**WORK ORDER:** Retype every record exactly. Leave the pictures out.

**EXCERPTED RECORDS:**
=-=-=-=-=
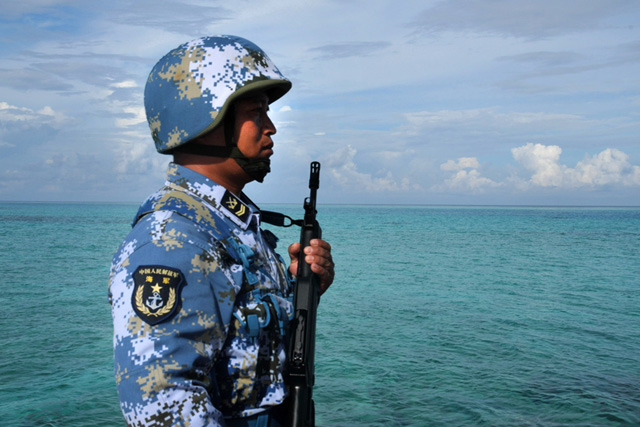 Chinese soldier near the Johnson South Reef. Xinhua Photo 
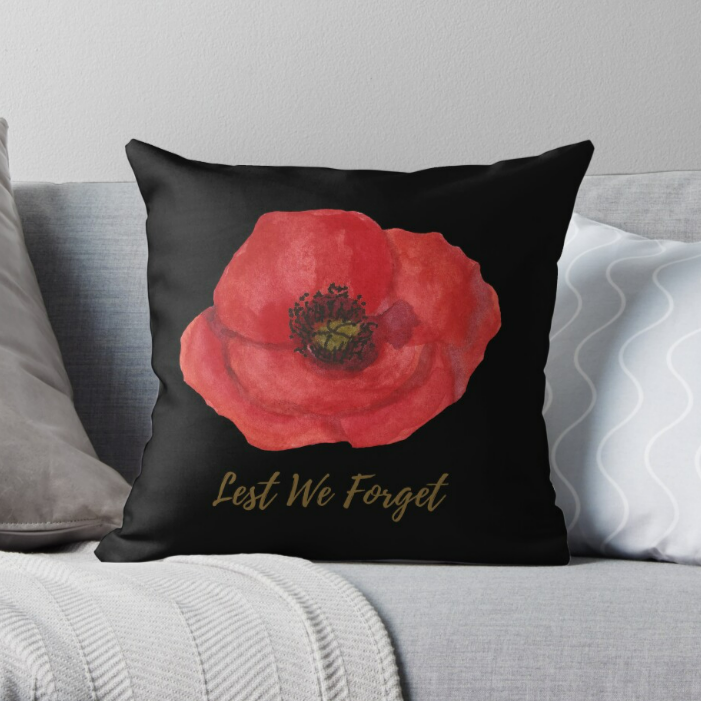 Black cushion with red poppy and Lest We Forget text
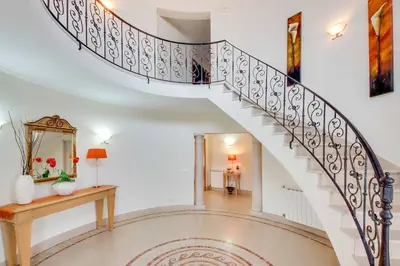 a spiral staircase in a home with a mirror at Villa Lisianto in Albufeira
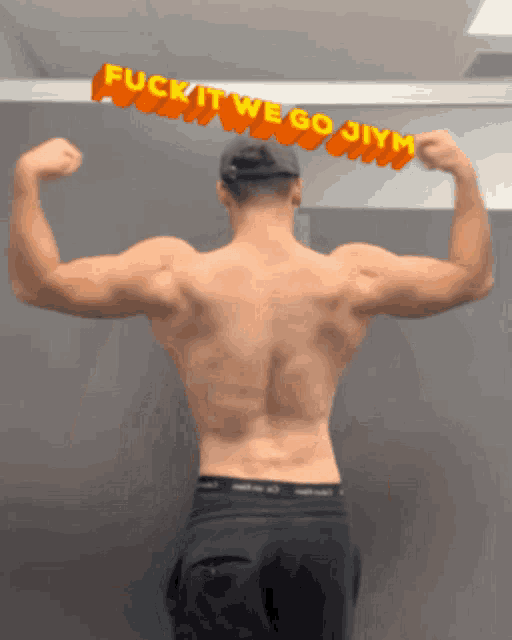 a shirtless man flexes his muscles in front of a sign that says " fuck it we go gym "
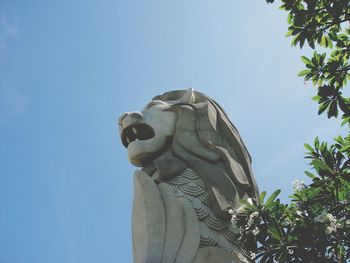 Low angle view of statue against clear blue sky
=-=-=-=-=
**TASK RESULT:**
 Chinese soldier near the Johnson South Reef. Xinhua Photo 
 Black cushion with red poppy and Lest We Forget text
 a spiral staircase in a home with a mirror at Villa Lisianto in Albufeira
 a shirtless man flexes his muscles in front of a sign that says " fuck it we go gym "
 Low angle view of statue against clear blue sky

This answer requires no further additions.